Word for word, reproduce each line of the data below, omitting every image.

======== Data excerpts

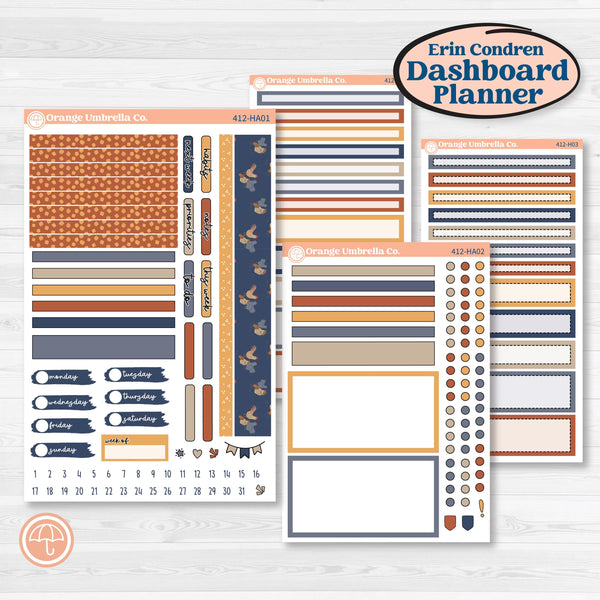 Chicken Planner Kit | Erin Condren Weekly Dashboard Planner Kit Stickers | What the Flock | KIT-412-HA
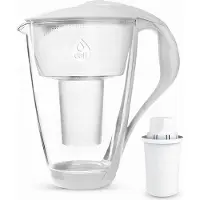 Dafi Filterkanne aus Glas Crystal Led mit 1 Classic-Filter BPA-frei BNYF-FW6Q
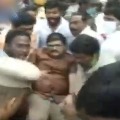 TDP leaders tries to go CM house along with injured Pattabhiram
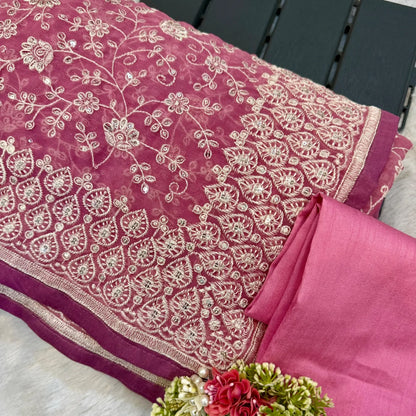 Premium Soft shimmer silk saree(SAREE CODE-MMPL349)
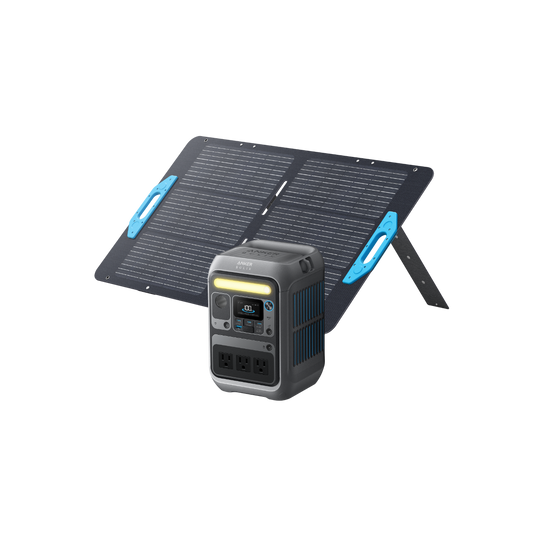 Anker SOLIX C300 Solar Generator + 100W Solar Panel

================

§ Exercise result:
 Chicken Planner Kit | Erin Condren Weekly Dashboard Planner Kit Stickers | What the Flock | KIT-412-HA
 Dafi Filterkanne aus Glas Crystal Led mit 1 Classic-Filter BPA-frei BNYF-FW6Q
 TDP leaders tries to go CM house along with injured Pattabhiram
 Premium Soft shimmer silk saree(SAREE CODE-MMPL349)
 Anker SOLIX C300 Solar Generator + 100W Solar Panel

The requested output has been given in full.